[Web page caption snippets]
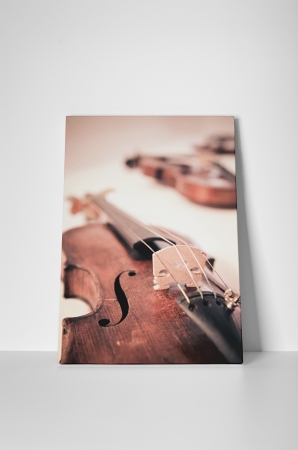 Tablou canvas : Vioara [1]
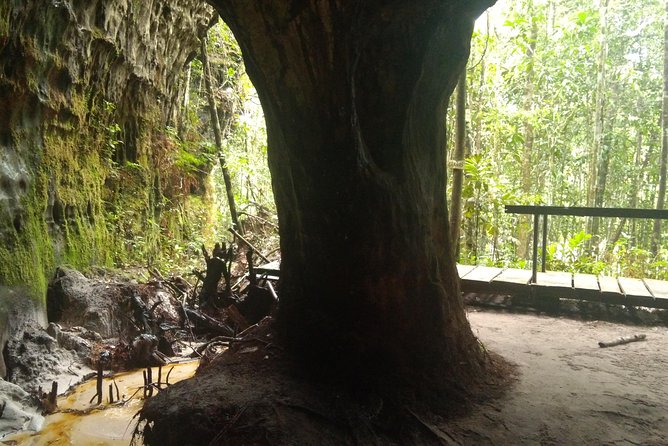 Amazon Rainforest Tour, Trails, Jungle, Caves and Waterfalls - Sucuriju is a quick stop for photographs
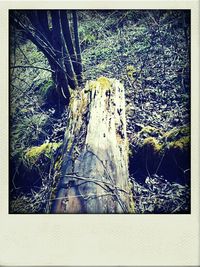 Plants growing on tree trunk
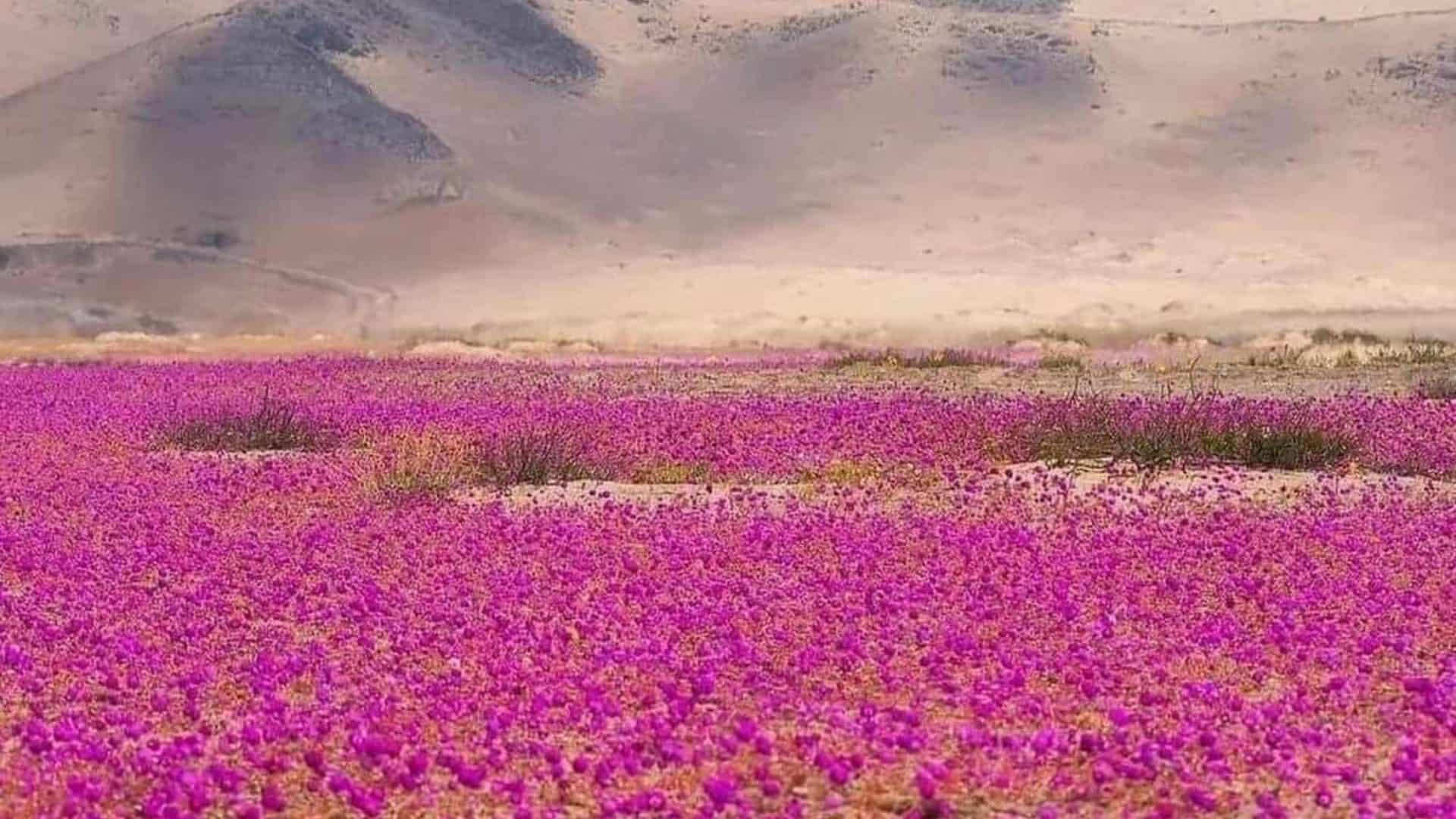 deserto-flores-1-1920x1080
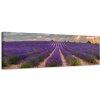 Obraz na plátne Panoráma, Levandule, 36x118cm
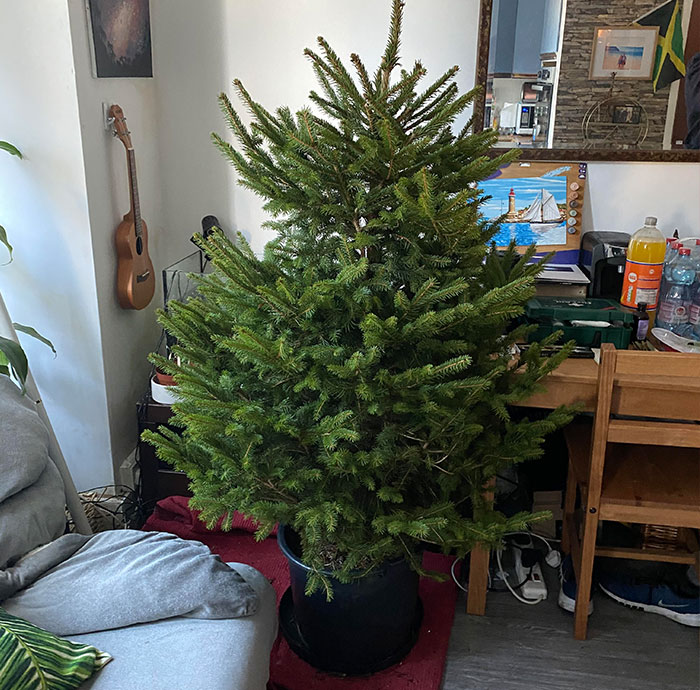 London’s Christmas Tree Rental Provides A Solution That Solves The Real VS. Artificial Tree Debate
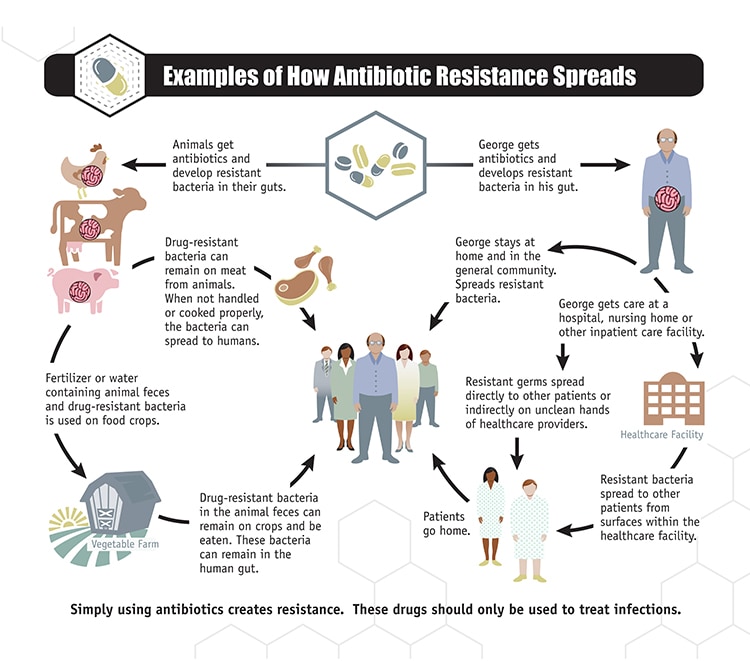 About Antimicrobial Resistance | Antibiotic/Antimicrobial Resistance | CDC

--

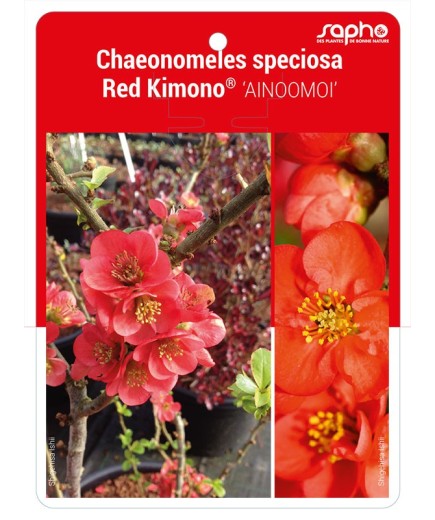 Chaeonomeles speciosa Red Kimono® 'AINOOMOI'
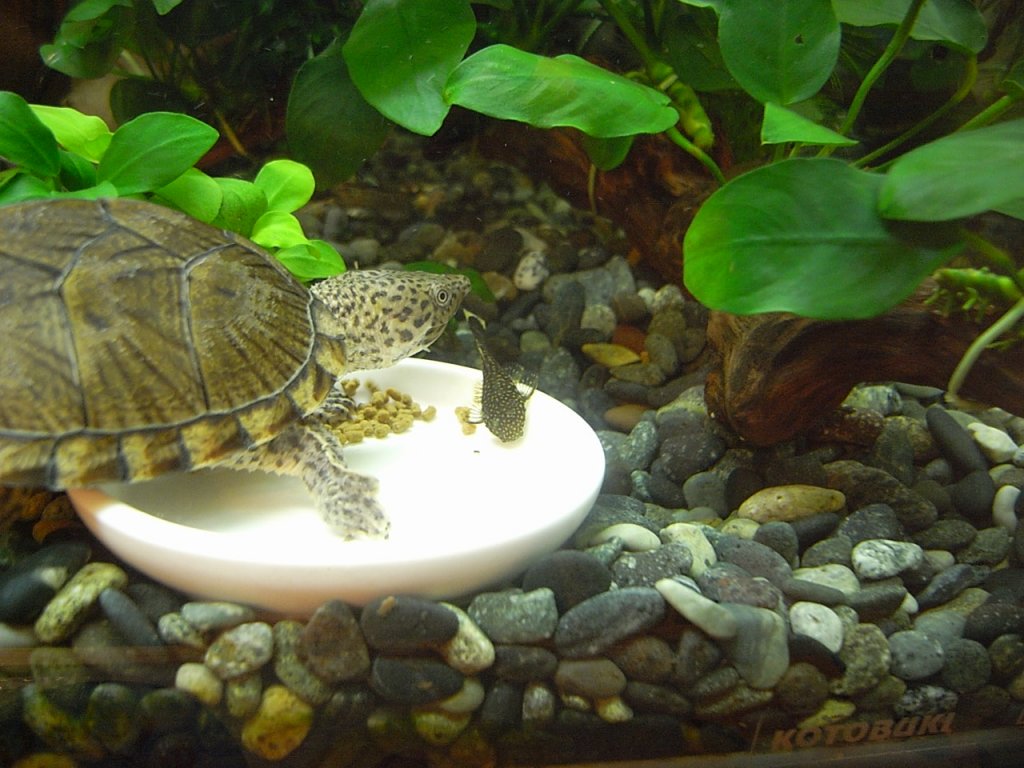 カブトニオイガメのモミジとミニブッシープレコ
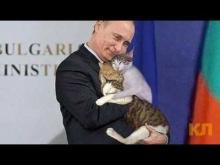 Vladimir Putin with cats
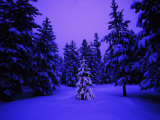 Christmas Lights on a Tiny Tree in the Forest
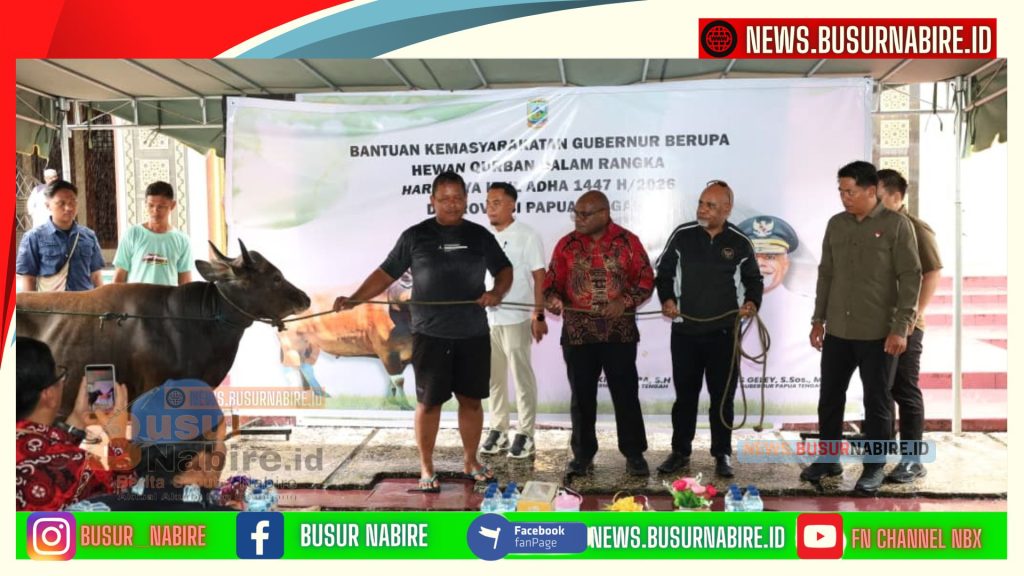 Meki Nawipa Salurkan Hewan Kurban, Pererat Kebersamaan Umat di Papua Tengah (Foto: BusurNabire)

Exercise directions - Leave out every picture, and copy exactly the lines above starting at the one holding "Amazon Rainforest Tour, Trails, Jungle, Caves" and ending at the one holding "London’s Christmas Tree", no more and no less.

Expected output -
 Amazon Rainforest Tour, Trails, Jungle, Caves and Waterfalls - Sucuriju is a quick stop for photographs
 Plants growing on tree trunk
 deserto-flores-1-1920x1080
 Obraz na plátne Panoráma, Levandule, 36x118cm
 London’s Christmas Tree Rental Provides A Solution That Solves The Real VS. Artificial Tree Debate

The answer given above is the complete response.